Низин вздохнул и нагнулся к старику. Ухватил за ноги и потащил его к грузовичку. Вспышка ненависти прошла, и осталось исключительно недовольство. Нет, он не жалел о происшедшем. Просто в очередной раз сорвался с нарезки, и это начинало всерьез беспокоить. Нервы ни к черту. На хрена было остальных убивать…
Сашка дернулся и проснулся, пытаясь сообразить, что его подняло. Звук… Давно не удивлял вечный мгновенный переход от сна к бодрствованию. Что-то изменилось в окружающей обстановке — и моментальная реакция. Вокруг могут ходить, говорить, стрелять, он будет продолжать спать. Зато стоит в шуме появиться новым ноткам — и сна ни в одном глазу. Вроде здесь никаких опасностей не предвидится, а все равно на краю сознания ждешь подвоха.
Ага… Вот опять. В ночной тишине визгливый звук пружин кровати неприятно резал слух. Он сел, настороженно осмотрелся. На соседней койке мотострелок вновь подтянулся на одних руках и, зацепившись за подоконник, утвердился на нем. Видимо, в прошлый раз не удержался и рухнул назад. Вот и дернуло из сна.
Он без особого интереса посмотрел и пошарил под подушкой в поисках сигарет. Раз проснулся, неплохо бы подымить. Заодно и познакомиться. Его койка не визжала. Пружины в порядке, не растянутые. Тогда ему не показалось. Действительно, под тонким матрацем лежала самая натуральная доска. До него на койке «отдыхал» кто-то с травмой позвоночника. Ему необходимо было лежать на твердом. Как избавился от лишнего предмета, будто в импортной кровати оказался. Ничто не мешает. В принципе он мог спать практически в любом положении, даже в строю и на ящиках со снарядами, проверено жизнью, однако на мягком приятнее.

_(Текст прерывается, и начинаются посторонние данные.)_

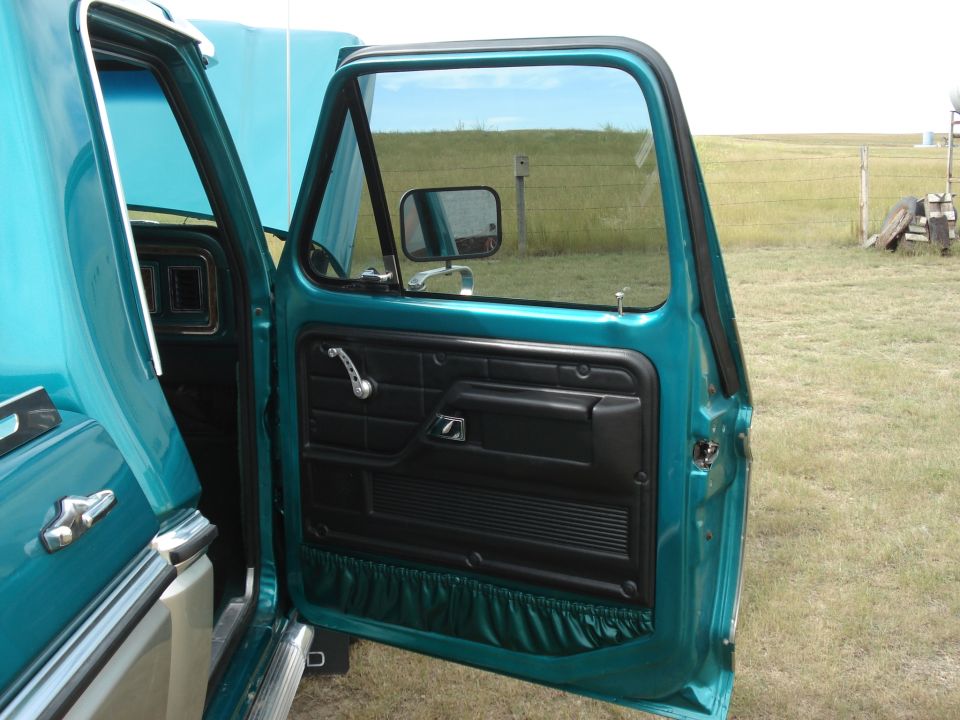 Open teal truck door showing black interior door panel and mirror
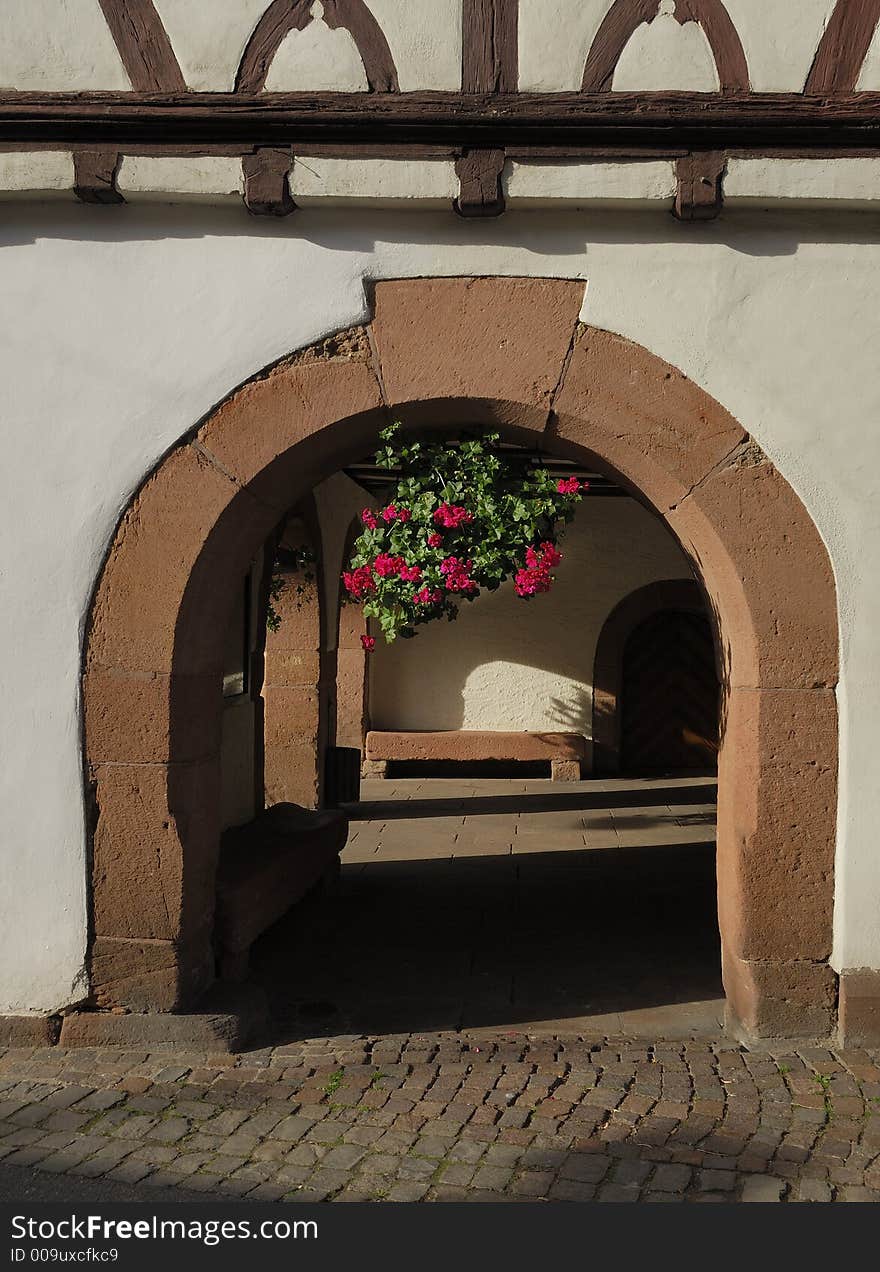 The outside of a town hall in a southern German town is made of a half-timbered structure and an old arch with a pot-flower hanging in its middle. The outside of a town hall in a southern German town is made of a half-timbered structure and an old arch with a pot-flower hanging in its middle.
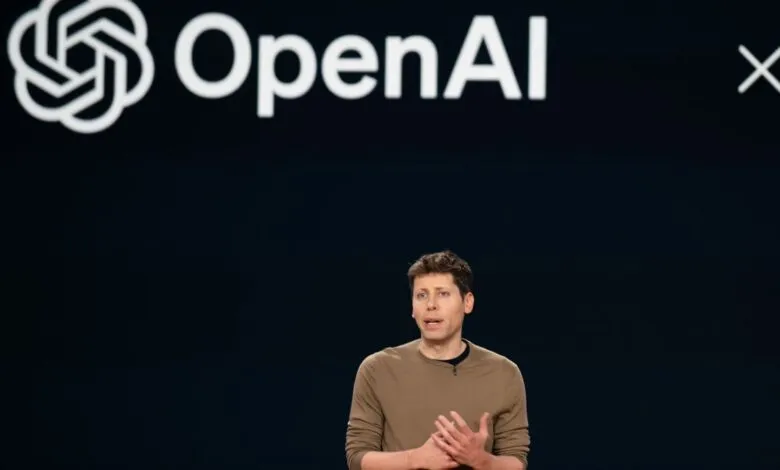 OpenAI CEO Sam Altman speaks on stage at event.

Парень, как его — Степной, — сидя боком, принялся дергать шпингалет. Левой рукой он держался за ручку рамы, иначе мог слететь от рывка. Поворачиваться ему было неудобно, и вообще смотрелся он странно. Укороченным. В темноте белели повязки на ногах, и выглядел парень донельзя странно. Вроде к игрушке нормального размера воткнули несоответствующие конечности. Не в первый раз Сашка видел людей с оторванными конечностями, но тогда это было по-другому. В горячке и не особенно задумываясь, затягиваешь жгут или бегом тащишь носилки. Каждый знает: чем быстрее раненый попадет в вертолет, тем больше шансов у товарища выжить. А что потом с ним будет, как-то не думаешь.